Task to complete - Leaving out each picture, transcribe the lines of the listing below exactly from the first through the line that contains "14k Yellow Gold".

BEGIN Exercise data

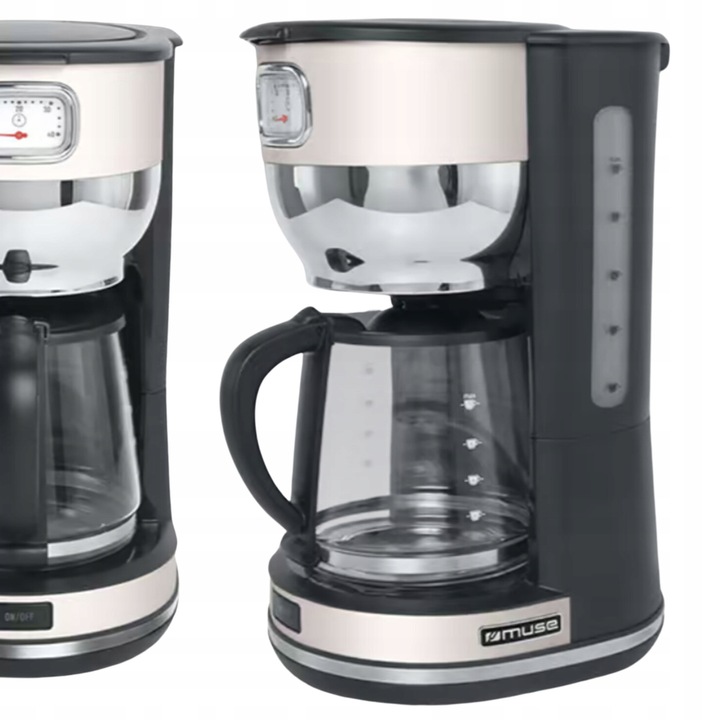Cafetiera cu filtru Muse Vintage MS-220SC (O951GXAOJ), 1000 W, 1,4 L (10 cesti), carafa din sticla, anti-picurare, mentinere caldura 40 min, gri cu elemente cromate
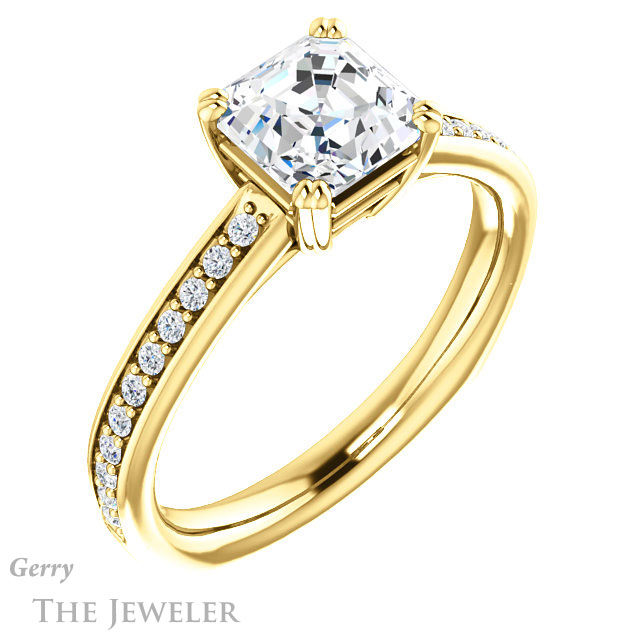 14k Yellow Gold Asscher Cut Forever One Engagement Ring Setting #GTJ1265-asscher-fo-y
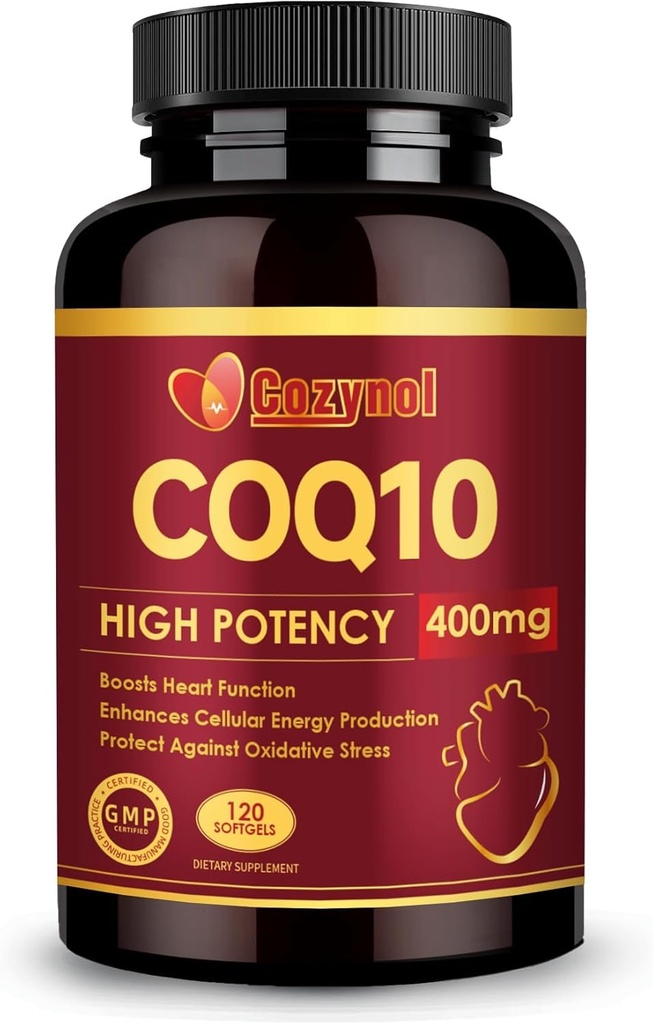 CoQ10 400mg Softgels cu Omega 3 & PQQ, puternic antioxidant pentru Heart Health & Energy Production, 120 Conte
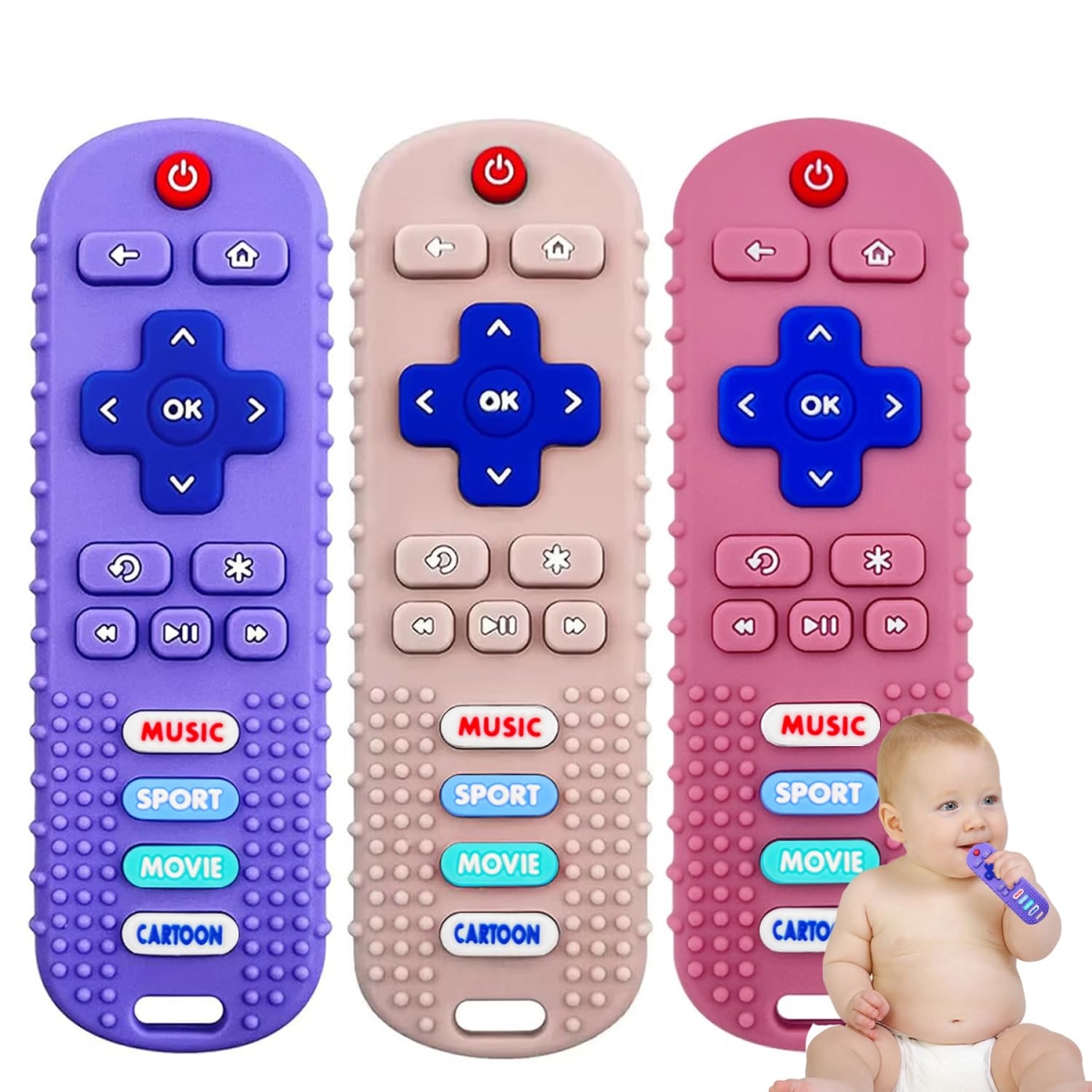 tek  UNO1RC Baby Teether Toys - TV Remote Control Shape Silicone Toddler Teething Toys for Babies 6-12 Months - Pink, Khaki & Purple - Pack of 3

END Exercise data

Result of this task -
Cafetiera cu filtru Muse Vintage MS-220SC (O951GXAOJ), 1000 W, 1,4 L (10 cesti), carafa din sticla, anti-picurare, mentinere caldura 40 min, gri cu elemente cromate
 14k Yellow Gold Asscher Cut Forever One Engagement Ring Setting #GTJ1265-asscher-fo-y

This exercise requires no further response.